I don't think you need to count the BBC as part of the government. Comic Relief is a charity and has a board of righteous lefties who decide how to waste the money they collect. In that it is similar to the BBC without actually being the BBC.

There really is something quite sickening about Comic Relief. It raising millions from people by saying their donations will go to relieve desperate poverty, scrawny brown children with flies around their noses are paraded to maximise the emotional impact. In fact their website says they "spend that money in the best possible way to tackle the root causes of poverty and social injustice".

Ho hum. "Social injustice". Also known as an an absence of socialism.
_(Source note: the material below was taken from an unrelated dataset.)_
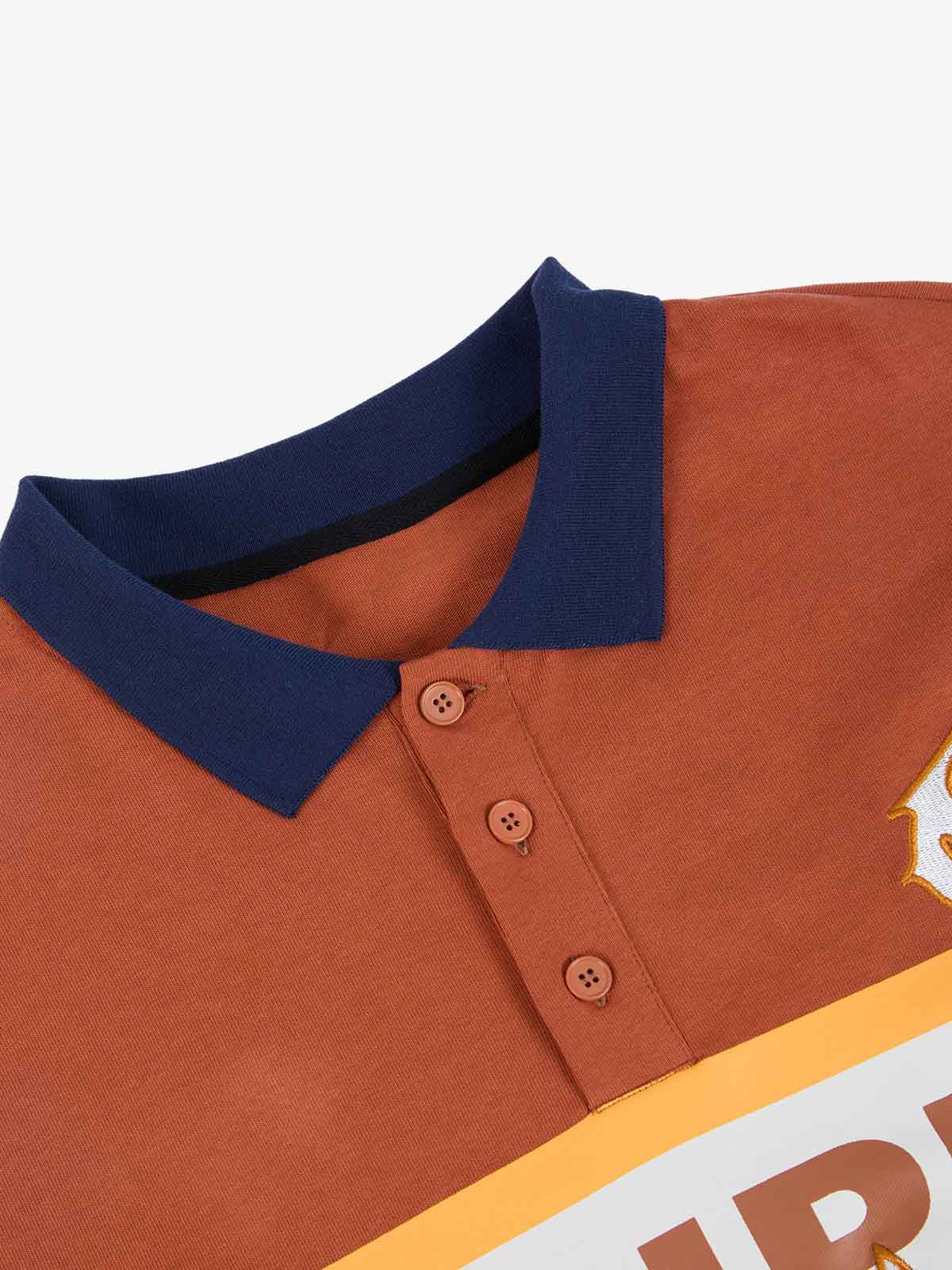 Supermade Color-Blocked Polo Collar Embroidered Print Long-Sleeved Jersey 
No doubt a lot of good does come from some of the cash doled out by Comic Relief and some scrawny brown babies are ridded of their scrawniness and of the flies they previously hosted. But for so long as they include tackling "social injustice" in their aims they will throw money at groups and individuals who achieve nothing substantive. It drives me nuts.

Sackerson said...

Sorry Mark, I was thinking about IHT - but didn't know there was a limit now?

Mark Wadsworth said...

TFB, I count omic Relief as part of BBC an BBC as part of the government.
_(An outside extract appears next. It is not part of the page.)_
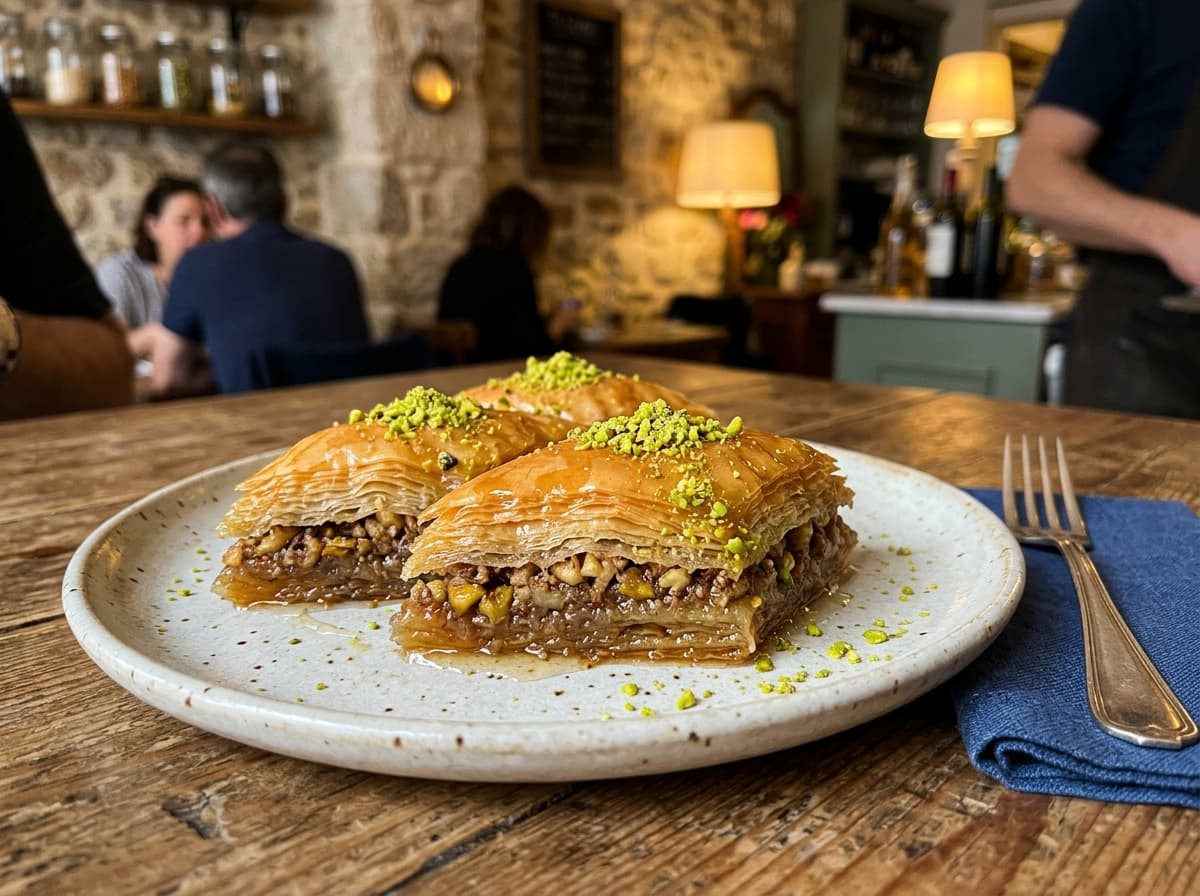 Traditional Greek Baklava with Honey, Walnuts & Cinnamon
S, donations or bequests to political parties are IHT exempt if the party has two or more MPs at Westminster. So the exemption is no good to small parties.

Bayard said...

Graeme, the Buddhists believe, AFAIK, that the benefit to you from charitable giving comes from the act of giving. What the recipient does with your gift is their own karma. However, when I give money, I want it to go to a charity that I know does some good, not to some bloody middleman organisation, which is why I never give to chuggers, telechuggers or anything like Comic Relief.
What is the point of Comic Relief, FFS, apart from being a vehicle for acquiring Buddhist merit? If you want to give money to a charity there are thousands out there, easily discoverable via the internet, that will take your money directly.
3) above: Hurrah! why not deprive them of 100% of their funding and close them down altogether? That way the charities at the end of the line will see their incomes increase by the cost of the useless middlemen who have been abolished, more than making up for the loss in tax breaks. When a parish council is able to get money directly from the Lottery, there is absolutely no excuse for these organisations to exist.

Lola said...

All of the foregoing. It's just officially sanctioned extortion to enable smug gits to play at being 'charitable' at no cost to themselves.